Roundup: A couple of notes on Campbell’s record

The weekend was full of conservatives and other right-leaning commenters chirping about Kim Campbell’s record after her (verifiably true) assessment that Pierre Poilievre is a “liar and a hate-monger” who doesn’t believe in the urgency of climate change. Some of them—such as a certain self-aggrandising independent MP—have been utterly dismissive of Campbell and her record, but most people don’t really understand what happened in 1993, and why the fact that the PCs went from a majority to two seats was hardly her doing.

The thing to remember about Brian Mulroney’s massive majorities was that he had managed to build a particular coalition of conservatives in the Prairies, and that he was won over Quebec, which is incredibly difficult for any conservative to do, and no doubt a lot of this was premised on the (somewhat hubristic) promise that he was going to finish the constitutional project that Pierre Trudeau wasn’t able to complete and bring Quebec “into the fold” (which is mostly hyperbolic nonsense anyway). By 1993, that coalition has collapsed, in part because of the failure of Mulroney’s constitutional projects, being Meech Lake and Charlottetown, the latter referendum failing.

Conservatives in Quebec has largely fallen away to the Bloc, which was formed in part by Mulroney’s old friend and confidante, Lucien Bouchard. To this day, the Dean of the House, Bloc MP Louis Plamondon, was first elected in 1984 as part of Mulroney’s PC landslide, and in 1990, crossed to the nascent Bloc. Meanwhile, the prairie conservatives had defected to the nascent Reform Party under the banner of so-called “Western alienation,” in part because of decisions that Mulroney had made, not only in areas of the constitutional reforms that failed, but also because of things like CF-18 maintenance contracts that were supposed to go to a Winnipeg firm were instead given to those in Montreal, and it exacerbated the existing grievances that the Pierre Trudeau’s National Energy Programme had inflamed (though he was largely blamed for things that were not his fault, like the collapse in world oil prices that the NEP didn’t cause, but were blamed for regardless).
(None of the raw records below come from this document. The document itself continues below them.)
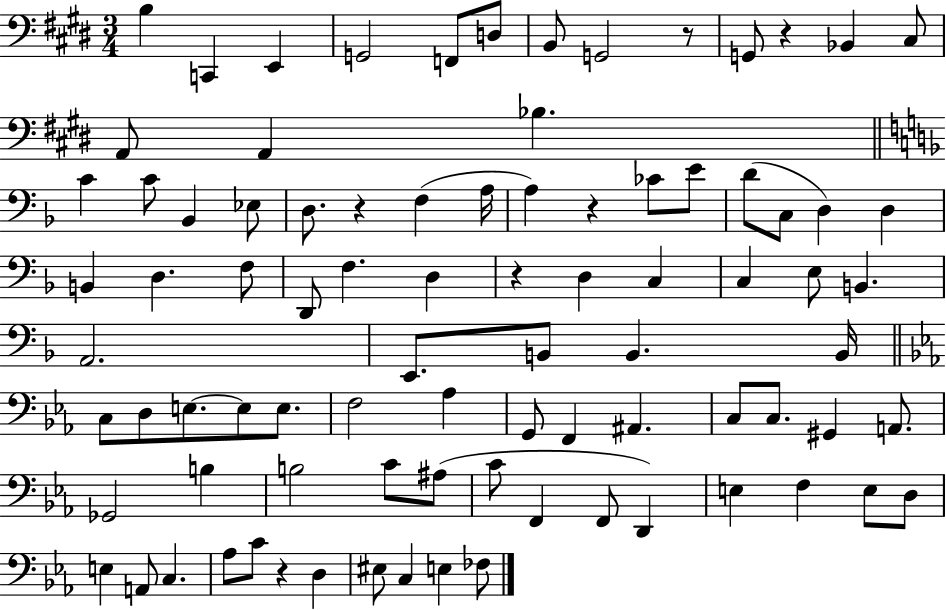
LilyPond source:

{
  \clef bass
  \numericTimeSignature
  \time 3/4
  \key e \major
  b4 c,4 e,4 | g,2 f,8 d8 | b,8 g,2 r8 | g,8 r4 bes,4 cis8 | \break a,8 a,4 bes4. | \bar "||" \break \key d \minor c'4 c'8 bes,4 ees8 | d8. r4 f4( a16 | a4) r4 ces'8 e'8 | d'8( c8 d4) d4 | \break b,4 d4. f8 | d,8 f4. d4 | r4 d4 c4 | c4 e8 b,4. | \break a,2. | e,8. b,8 b,4. b,16 | \bar "||" \break \key ees \major c8 d8 e8.~~ e8 e8. | f2 aes4 | g,8 f,4 ais,4. | c8 c8. gis,4 a,8. | \break ges,2 b4 | b2 c'8 ais8( | c'8 f,4 f,8 d,4) | e4 f4 e8 d8 | \break e4 a,8 c4. | aes8 c'8 r4 d4 | eis8 c4 e4 fes8 | \bar "|."
}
Campbell inherited a PC party that had lost its voter coalition, thanks to Mulroney’s actions. The election went from three parties to five, with two very different regional parties at play. Trying to pin the blame for that collapse on Campbell is classic glass-cliff logic, where she was handed a bag of dogshit and when she didn’t perform a miracle, was given the blame for it. Did she make mistakes in that campaign? Indeed she did. Could she have resurrected the party’s fortunes with the voter coalition disbanded? Certainly not in the time allotted. For modern conservatives to say that her “record speaks for itself” don’t seem to understand what actually happened in the early 1990s, and instead are showing a particularly misogynistic streak in how they are choosing to attack her and her record.

Ukraine Dispatch:

One woman was killed in Russian shelling in the Kursk region on Sunday. Two people were killed, including a teenager, in Russian artillery attacks on the Dnipropetrovosk region on Saturday, and Russia claimed to have shot down a Ukrainian fighter jet. Here is a horrifying look at the rapes and torture that Russians have subjected Ukrainian prisoners to, particularly in occupied areas.

Good reads:

  • Chrystia Freeland is capping the rise in excise taxes on beer, wine and spirits for another two years (because those fractions of a cent were apparently a problem).
  • Canada is joining an international coalition to try and delivery more aid to Gaza by way of sea corridors originating in Cyprus.
  • Bill Blair has again reiterated that our promised air defence system for Ukraine is being held up by the Americans, not us as we have paid for it.
  • Here are some concerns about the hate speech provisions in the Online Harms bill.
  • Bob Rae is meeting with Caribbean leaders on the deteriorating situation in Haiti.
  • An internal RCMP review of the response to the “convoy” protest shows many officers in Coutts weren’t aware of the threats against them until after it was over.
  • Another internal RCMP report shows concerns about possible crisis points over the next five years, that are going to test their ability to deal with them.
  • Experts are warning that laws are not keeping pace with AI-enabled employee surveillance technology.
  • Some Liberals are spooked by the results of the Durham by-election.
  • Desjardins Group in Quebec is no longer offering mortgages on properties in “0-20 year” flood zones, as in those where there is a five percent chance of flooding.
  • The Manitoba government is launching ads to tout tax cuts that were put forward by the preceding PC government.
  • Kevin Carmichael looks at how Canada has largely handcuffed itself to the US in terms of trade, and why it’s so hard for us to break out of.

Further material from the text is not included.